John R. Ladd

I’m an Assistant Professor in Computing and Information Studies at Washington & Jefferson College, where I teach and research on the use of data across a wide variety of domains, especially in cultural and humanities contexts. I also build research tools, write data science tutorials, and make small, weird web projects.

In my research I think about the long, interwoven histories of media and technology from the early modern period to today. I’m currently working on a book about social networks and literary collaboration, called Network Poetics, which argues that shifts in the networks of 17th century print production allowed for the emergence of new literary forms.

Some Recent Work

Imaginative Networks: Tracing Connections Among Early Modern Book Dedications. An article for the Journal of Cultural Analytics that uses bibliographic network analysis to help understand the history of early modern print culture.

A visualization from the Imaginative Networks article showing two bipartite networks.

EarlyPrint + Python. A textbook for early modern text analysis in the programming language Python, built as an interactive Jupyter Book. Topics covered include TF-IDF, word vectors, and supervised text classification.

A screenshot from a page of the Jupyter Book, showing a heatmap of word vectors.

Network Navigator. A browser tool for network analysis, with special emphasis on quantitative metrics and less common visualization types. Redesigned in 2021 with Zoe LeBlanc.

A screenshot of Network Navigator, showing metrics and visualizations for a Game of Thrones network dataset.

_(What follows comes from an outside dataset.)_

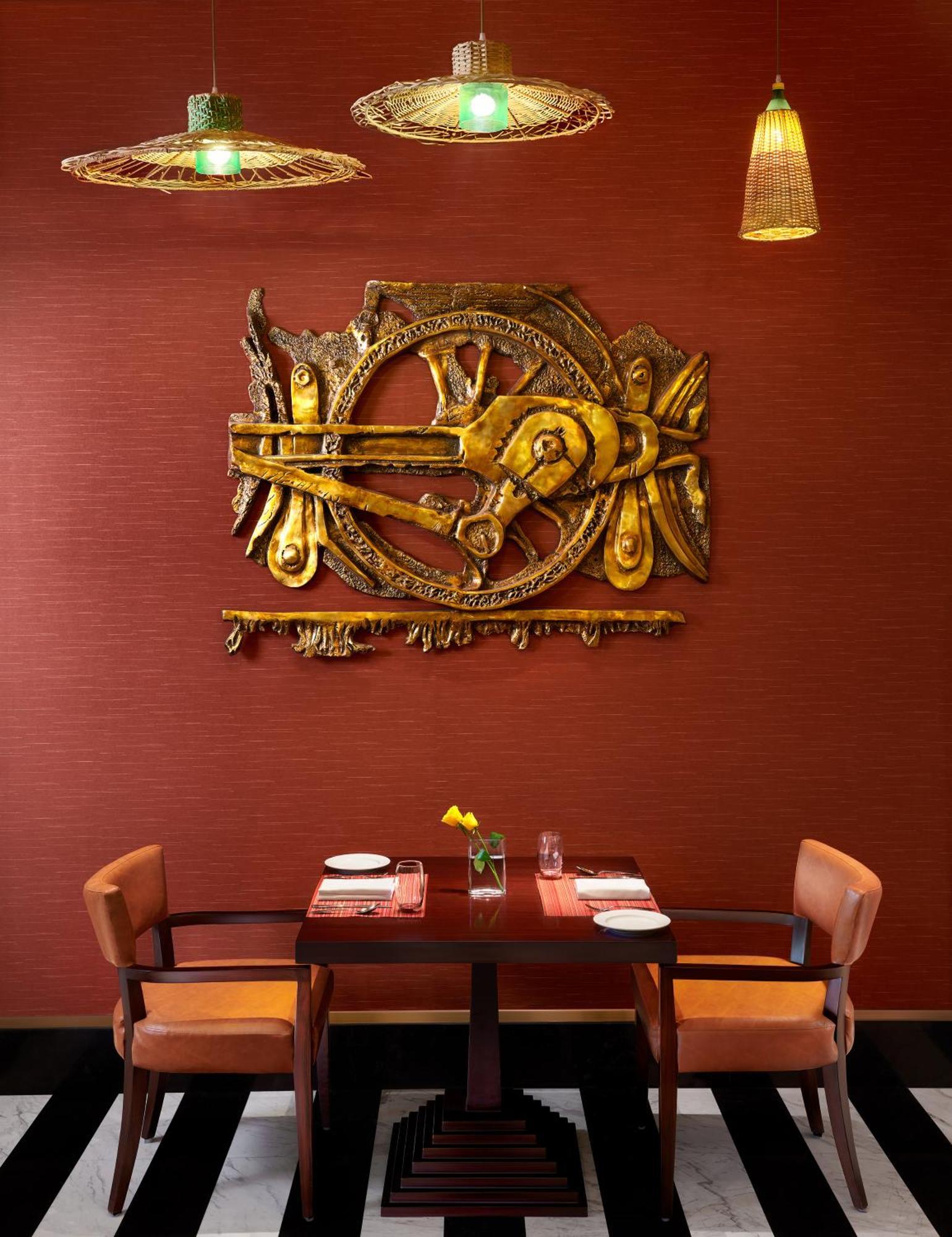 Hotel The Leela Gandhinagar Esterno foto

Exploring Linked Art. A series of tutorials, made in partnership with the Getty Museum, showing how to work with Linked Art, a linked open data model for cultural heritage objects. The Observable JavaScript tutorials demonstrate how to analyze artworks in Getty’s Online Collections.

A screenshot of the third Linked Art tutorial, showing a scatterplot of works by artist and nationality.

Bibliographia. An interactive plot of 50,000+ printed books from the sixteenth and seventeenth centuries, using LDA topic models and LargeVis to cluster similar texts. Made in D3.js and Canvas for the EarlyPrint project.

A screenshot of EarlyPrint site, showing the clusters of texts in LargeVis.